Un enfant sur mille est atteint de surdité profonde, un nouvel appareil permet un dépistage immédiat.

La surdité congénitale du bébé désormais dépistée à la clinique Villette

© 2013 La Voix du Nord – Grâce à de généreux donateurs, la clinique Villette vient de s’équiper tout récemment d’un appareil capable de dépister les surdités chez les nouveau-nés. Cet équipement a été financé pour moitié par les Corsaires, le club des Kiwanis de Dunkerque et le club des Kiwanis Jeanne de Flandre ; pour l’autre moitié par le groupe formé de pédiatres et d’obstétriciens pour le développement de la santé de la mère et de l’enfant dans la région dunkerquoise.

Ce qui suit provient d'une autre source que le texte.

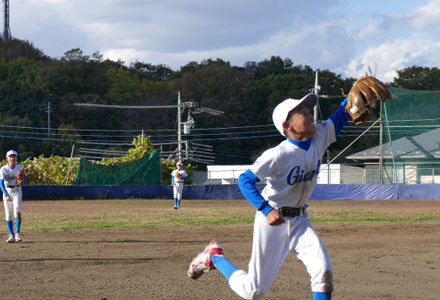 20211123_決勝21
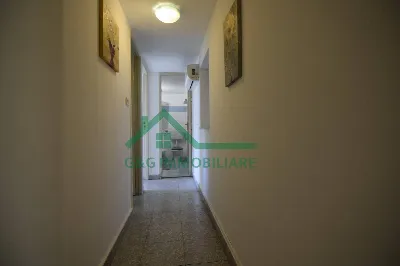 Appartamento in vendita a Catania, Centro ... - foto 10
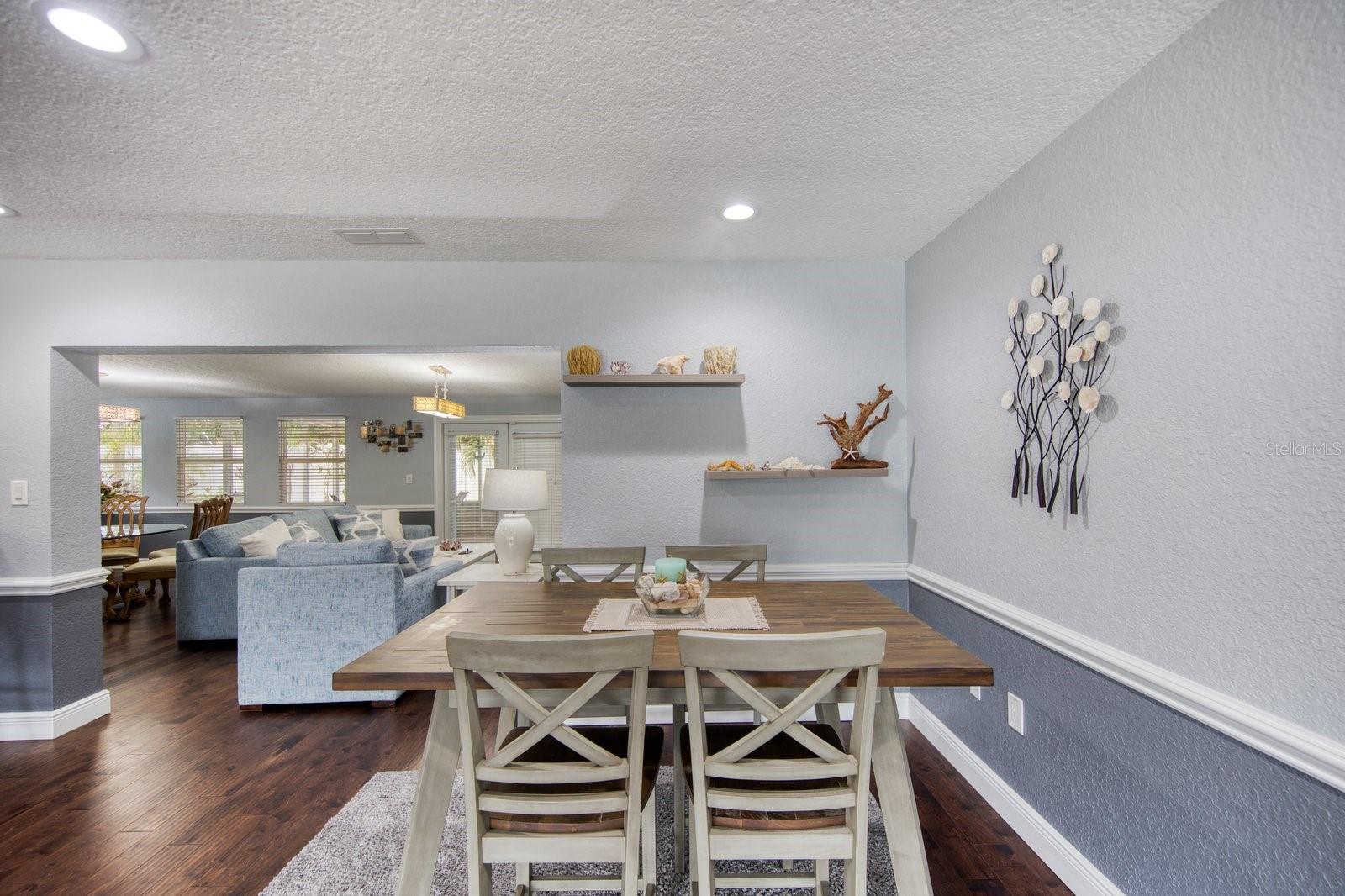 Image 8 of 26 For 3173 Fountainhead Drive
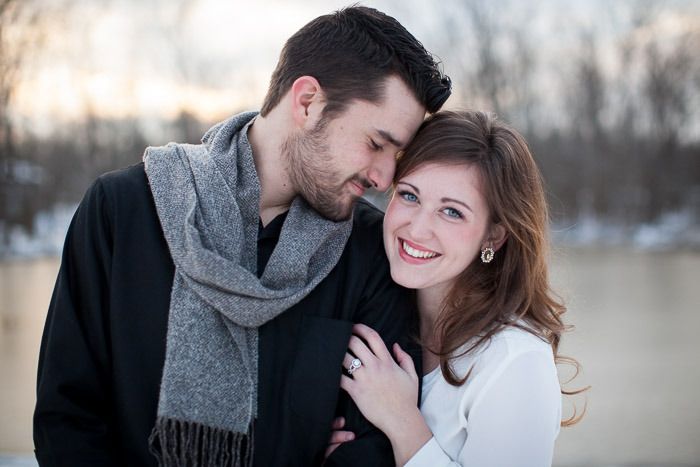  photo hannah-stephen-winter-engagement-7657_zpsb4egjsz3.jpg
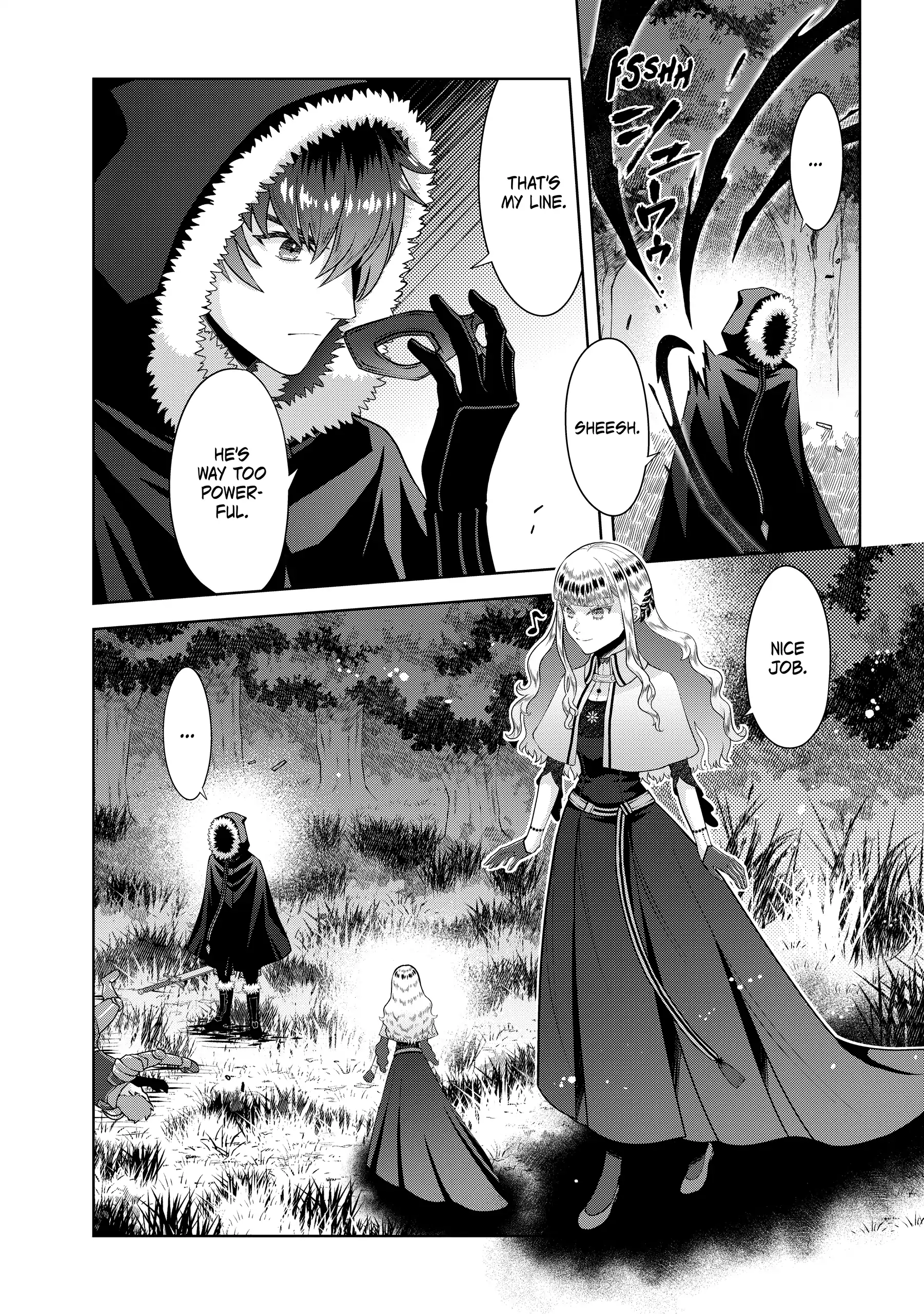 Page 22 of Chapter 13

L’examen ne dure que quelques minutes

« On a expérimenté les deux appareils sur le marché et on a opté pour celui mis au point par les Allemands, alors que la maternité des Bazennes a opté pour celui de première génération des Américains », précise le Dr André Lacombe en expliquant tout l’intérêt que présente le matériel d’outre-Rhin, notamment la simplicité et la rapidité avec laquelle le bébé peut être testé. « Il est extrêmement efficace, ne nécessite pas de consommable et l’examen ne dure que quelques minutes ».

Un grand progrès

Depuis deux mois, pratiquement tous les nouveau-nés bénéficient du test de détection de la surdité. L’examen est devenu obligatoire. « Il faut savoir que la surdité du nouveau-né est le déficit sensoriel le plus fréquent. Un enfant sur mille est atteint de surdité profonde, c’est-à-dire bilatérale. Ce sont des enfants qui étaient diagnostiqués tardivement, souvent la deuxième année. Il est alors bien tard parce que l’acquisition du langage avec les thérapeutiques qu’on peut leur proposer n’est pas très efficace et, au final, les enfants ont une parole de mauvaise qualité. L’intérêt de les dépister très tôt est que deux fois sur trois, on peut leur proposer un traitement par implant cochléaire qui va leur permettre de parler normalement. C’est un grand progrès qui est aussi source d’économie car il en coûtera moins cher de dépister un enfant tôt et de le soigner que d’avoir ensuite des traitements très longs pour un résultat de mauvaise qualité ».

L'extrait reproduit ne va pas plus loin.